C'era una tale tranquillità e sincerità nel modo in cui l'aveva detto, che Delia non poté rimproverarlo, seppure quando ci ripensava una parte di lei fosse ancora irritata.

– Avrei dovuto fare più attenzione a quello che faceva Iason – insistette, facendo strisciare gli scarponi neri sulla polvere della strada.

– Non ti incolpo di nulla.

Strinse le labbra, e spostò altrove gli occhi chiari. – Invece dovresti. Avrei dovuto tenerlo d'occhio, ultimamente non pensa troppo a quello che fa.

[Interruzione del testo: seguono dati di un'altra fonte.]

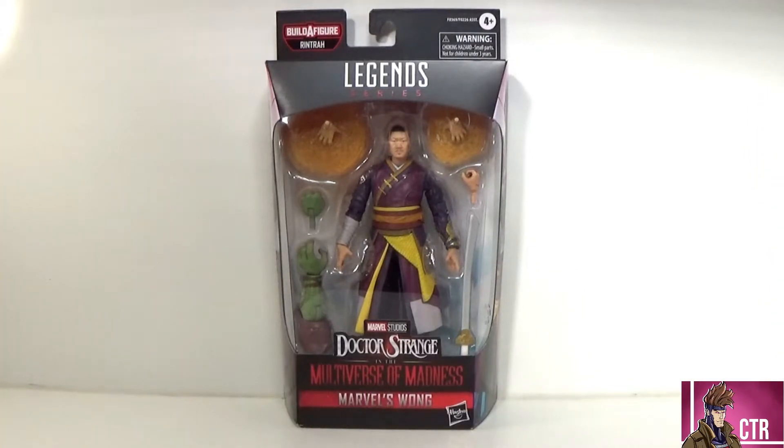Hey, welcome to Cajun Toy Review. Today we are talking Marvel Legends and I am excited because we are continuing our Doctor Strange Multiverse of Madness wave. Who was second in line? It is Wong, who actually is first in line now considering the MCU continuity. And yes, man, this figure looks awesome — this is our first Wong figure and it looks like they did him justice. The colors on this guy look phenomenal.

Non sapeva perché, ma Delia sospettava si aspettasse un rimprovero. Si chiese se fosse possibile che i Guerrieri pensassero che qualcuno fosse sempre pronto a fargli la paternale.
Ricordò gli anni dell'Accademia militare pieni di urla e rimproveri, e non si sorprese. – Stai tranquillo, non sono arrabbiata, davvero.

– Non mi aspettavo che tu lo fossi – fece un mezzo sorriso – Sei una Governante. Ma questo non toglie il fatto che qualcuno si sarebbe dovuto scusare comunque.
Non era sicura che con quel qualcuno intendesse se stesso.

Passando davanti alla via dell'ospedale e della prima scuola i capelli biondi di Elena attirarono la sua attenzione. La vide uscire dal cancello dell'istituto, e bloccarsi non appena anche lei l'aveva intravista.
– C'è qualche problema? – chiese Damiano, che si era fermato con lei davanti al bivio e guardava entrambe con circospezione.

C'era un problema? Forse, in ogni caso non qualcosa che lui doveva sapere.
Riprese a camminare verso la strada che saliva sulla collina, sperando che Damiano non si fosse accorto che aveva evitato di rispondere perché non voleva infrangere il giuramento con una bugia.